Imported by Aarhus Karlshamn UK (AAK) – which is both a trader and a processor – the oil in the shipment originated from United Plantations in Malaysia and is destined for AAK’s refinery in Hull, UK. Amongst the food and consumer good firms to have bought some of the oil shipment are Unilever and Sainsbury’s.
The first batch is 500 tonnes – a small share of 38m tonnes of the commodity grown in plantations each year and used in about half of all consumer products, including many foods, detergents and soaps.
Jan Kees Vis, president of the Roundtable on Sustainable Palm Oil (RSPO) and director of sustainable agriculture at Unilever told FoodNavigator.com that more is available but future shipments will depend on demand from Europe.
But he explained that there are two ways in which manufacturers can support sustainable palm oil production:
They can buy oil that has been sustainably produced (identity preserved) and/or kept separate from other palm oil throughout the entire supply chain (segregated).

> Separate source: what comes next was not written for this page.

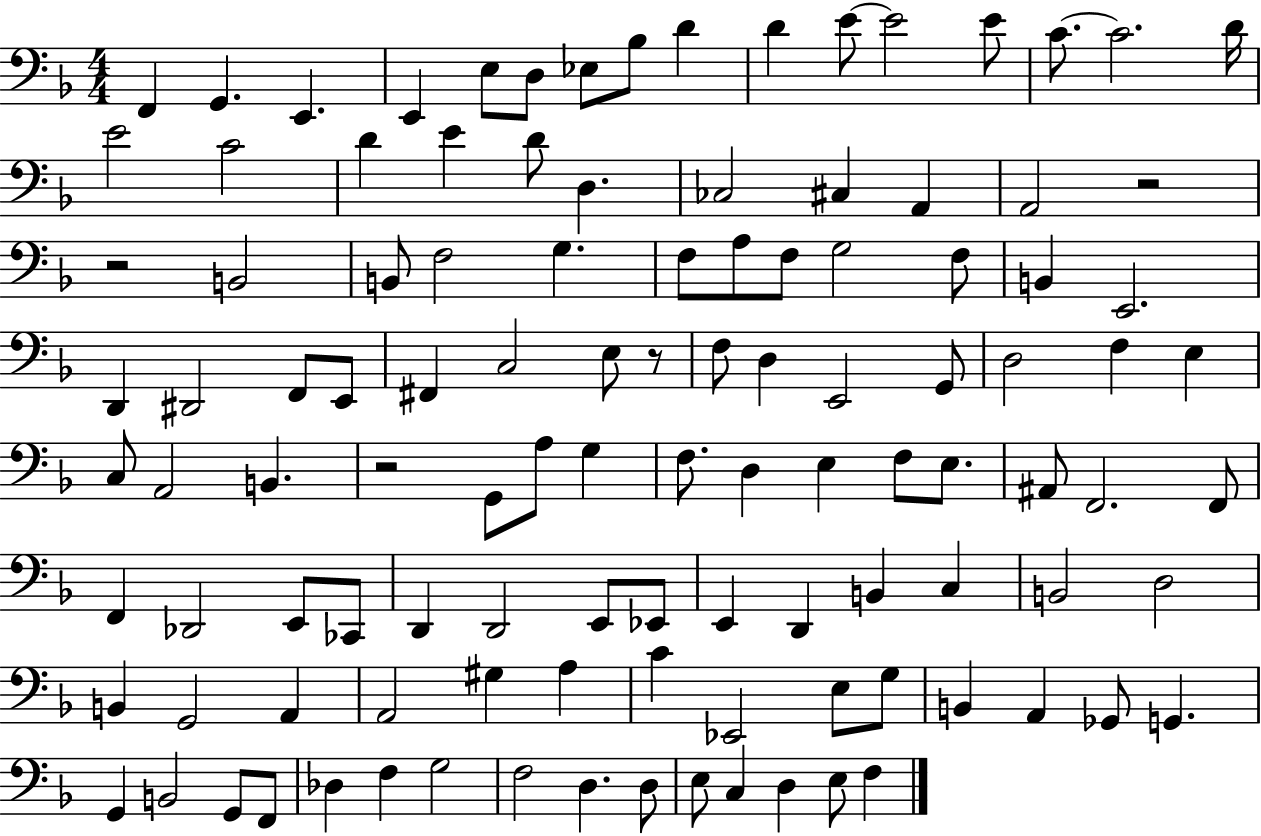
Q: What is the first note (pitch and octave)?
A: F2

In this case, the user pays a premium and is allowed to claim use of sustainable palm oil on the packaged of the finished product.
However not all of the palm oil produced according to the sustainable principals is kept separate from regular palm oil and sold as ‘sustainable’. This means that the miller received the regular price, not the premium price.
Palm oil users can still support the mills operating sustainable practices, though, by purchasing sustainable palm oil certificates from them. These currently trade at between US$40 and $50 each, and represent one tonne of oil each.
The certificate-holding user then sources its palm oil requirements through their normal supply chain. Since the certificate is not tied to a batch, the actual oil received does not necessarily actually contain sustainable oil; thus, the user can claim to support sustainable palm oil production to a percentage of that used in the product, but they cannot actually claim their products contain sustainable palm oil.
Kees Vis agreed that the certificate scheme could be seen as an intermediate step towards full sustainable sourcing.
“You would expect that, as the volume builds, more companies would buy sustainable oil,” he said – but added a note of caution that “what you expect is not necessarily what will happen”.
If all the mills entered into the programme eventually receive certification, from 2009 a total of 1.5m tones of sustainable palm oil could be expected by the market.
RSPO projects that supply will double in 2009 and continue to grow thereafter.
Despite the arrival of the first shipment marking “a small but significant step” towards total sustainability of all the world’s palm oil, according to Kees Vis, the event has not been without its controversy.
Greenpeace has hit out at United Plantations, claiming that it is not adhering to sustainable practices at its plantations in Indonesia by cutting down trees that are the home to endangered orangutans.
United has refuted the allegations.
Greenpeace is not one of the more than 20 NGO members of the RSPO.